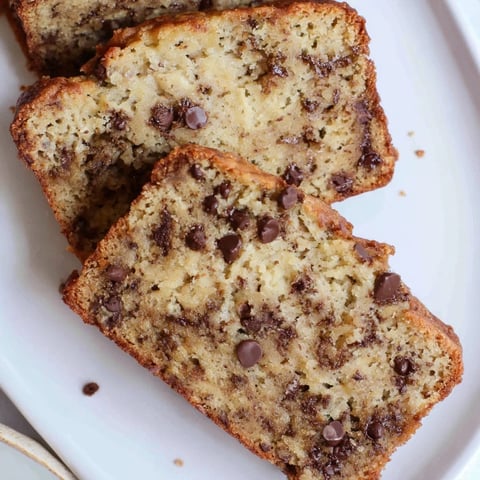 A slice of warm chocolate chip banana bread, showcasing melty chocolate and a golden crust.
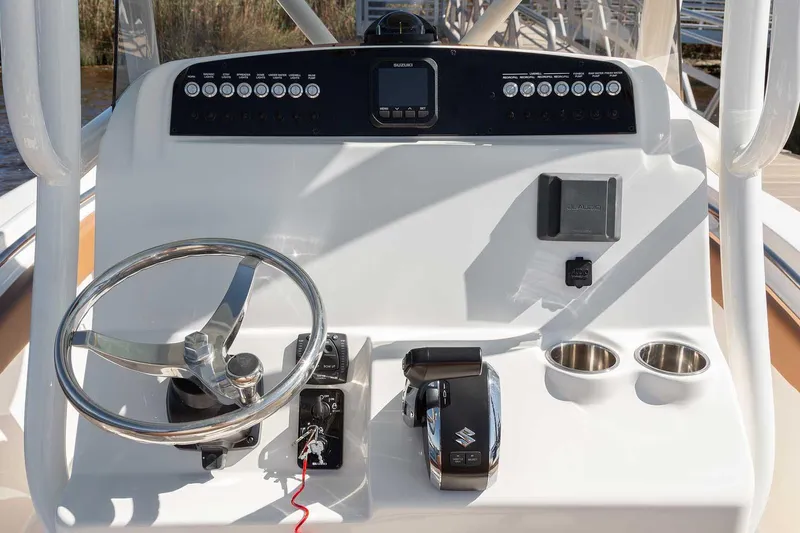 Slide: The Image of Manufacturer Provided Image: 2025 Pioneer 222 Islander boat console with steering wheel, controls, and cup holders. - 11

* * *

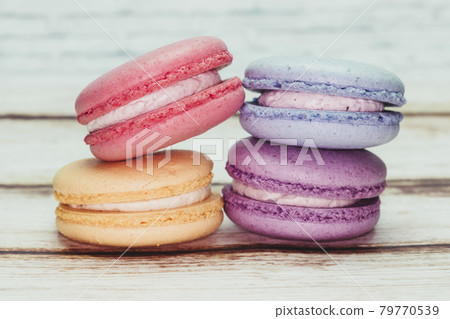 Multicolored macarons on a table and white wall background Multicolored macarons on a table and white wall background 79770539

→ TASK OBJECTIVE: Copy back exactly the lines above from the one containing "A slice of warm" through the one containing "Slide: The Image", and leave every picture behind.

→ WRITTEN SOLUTION:
 A slice of warm chocolate chip banana bread, showcasing melty chocolate and a golden crust.
 Slide: The Image of Manufacturer Provided Image: 2025 Pioneer 222 Islander boat console with steering wheel, controls, and cup holders. - 11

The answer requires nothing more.